| Your objective |
Having read the data, transcribe all of it without deviation.

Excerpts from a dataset
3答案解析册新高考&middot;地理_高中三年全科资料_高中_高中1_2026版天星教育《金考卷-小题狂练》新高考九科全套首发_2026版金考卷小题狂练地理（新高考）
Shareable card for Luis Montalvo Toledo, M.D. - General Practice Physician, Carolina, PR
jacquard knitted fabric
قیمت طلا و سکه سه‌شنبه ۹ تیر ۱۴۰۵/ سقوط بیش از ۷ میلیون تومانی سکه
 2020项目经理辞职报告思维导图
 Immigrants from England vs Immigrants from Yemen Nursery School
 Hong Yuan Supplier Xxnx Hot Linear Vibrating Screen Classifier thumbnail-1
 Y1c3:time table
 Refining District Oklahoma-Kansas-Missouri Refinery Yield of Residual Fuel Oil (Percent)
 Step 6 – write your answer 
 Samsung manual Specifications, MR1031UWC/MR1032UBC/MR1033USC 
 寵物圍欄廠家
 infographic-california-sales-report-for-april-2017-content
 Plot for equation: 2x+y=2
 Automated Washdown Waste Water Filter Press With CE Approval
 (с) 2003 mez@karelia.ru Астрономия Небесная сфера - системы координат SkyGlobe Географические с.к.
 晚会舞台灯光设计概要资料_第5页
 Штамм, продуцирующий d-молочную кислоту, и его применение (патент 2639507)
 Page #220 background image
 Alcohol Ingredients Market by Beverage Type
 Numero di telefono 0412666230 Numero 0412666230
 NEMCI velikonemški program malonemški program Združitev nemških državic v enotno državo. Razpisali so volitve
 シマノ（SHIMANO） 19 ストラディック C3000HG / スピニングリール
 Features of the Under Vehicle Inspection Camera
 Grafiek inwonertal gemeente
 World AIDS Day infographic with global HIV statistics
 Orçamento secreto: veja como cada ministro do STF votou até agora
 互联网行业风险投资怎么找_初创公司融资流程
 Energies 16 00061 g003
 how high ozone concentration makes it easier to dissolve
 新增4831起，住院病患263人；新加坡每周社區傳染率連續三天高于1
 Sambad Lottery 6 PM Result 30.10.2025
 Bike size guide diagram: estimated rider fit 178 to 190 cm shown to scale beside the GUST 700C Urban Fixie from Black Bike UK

| Solution to the exercise |
3答案解析册新高考&middot;地理_高中三年全科资料_高中_高中1_2026版天星教育《金考卷-小题狂练》新高考九科全套首发_2026版金考卷小题狂练地理（新高考）
Shareable card for Luis Montalvo Toledo, M.D. - General Practice Physician, Carolina, PR
jacquard knitted fabric
قیمت طلا و سکه سه‌شنبه ۹ تیر ۱۴۰۵/ سقوط بیش از ۷ میلیون تومانی سکه
 2020项目经理辞职报告思维导图
 Immigrants from England vs Immigrants from Yemen Nursery School
 Hong Yuan Supplier Xxnx Hot Linear Vibrating Screen Classifier thumbnail-1
 Y1c3:time table
 Refining District Oklahoma-Kansas-Missouri Refinery Yield of Residual Fuel Oil (Percent)
 Step 6 – write your answer 
 Samsung manual Specifications, MR1031UWC/MR1032UBC/MR1033USC 
 寵物圍欄廠家
 infographic-california-sales-report-for-april-2017-content
 Plot for equation: 2x+y=2
 Automated Washdown Waste Water Filter Press With CE Approval
 (с) 2003 mez@karelia.ru Астрономия Небесная сфера - системы координат SkyGlobe Географические с.к.
 晚会舞台灯光设计概要资料_第5页
 Штамм, продуцирующий d-молочную кислоту, и его применение (патент 2639507)
 Page #220 background image
 Alcohol Ingredients Market by Beverage Type
 Numero di telefono 0412666230 Numero 0412666230
 NEMCI velikonemški program malonemški program Združitev nemških državic v enotno državo. Razpisali so volitve
 シマノ（SHIMANO） 19 ストラディック C3000HG / スピニングリール
 Features of the Under Vehicle Inspection Camera
 Grafiek inwonertal gemeente
 World AIDS Day infographic with global HIV statistics
 Orçamento secreto: veja como cada ministro do STF votou até agora
 互联网行业风险投资怎么找_初创公司融资流程
 Energies 16 00061 g003
 how high ozone concentration makes it easier to dissolve
 新增4831起，住院病患263人；新加坡每周社區傳染率連續三天高于1
 Sambad Lottery 6 PM Result 30.10.2025
 Bike size guide diagram: estimated rider fit 178 to 190 cm shown to scale beside the GUST 700C Urban Fixie from Black Bike UK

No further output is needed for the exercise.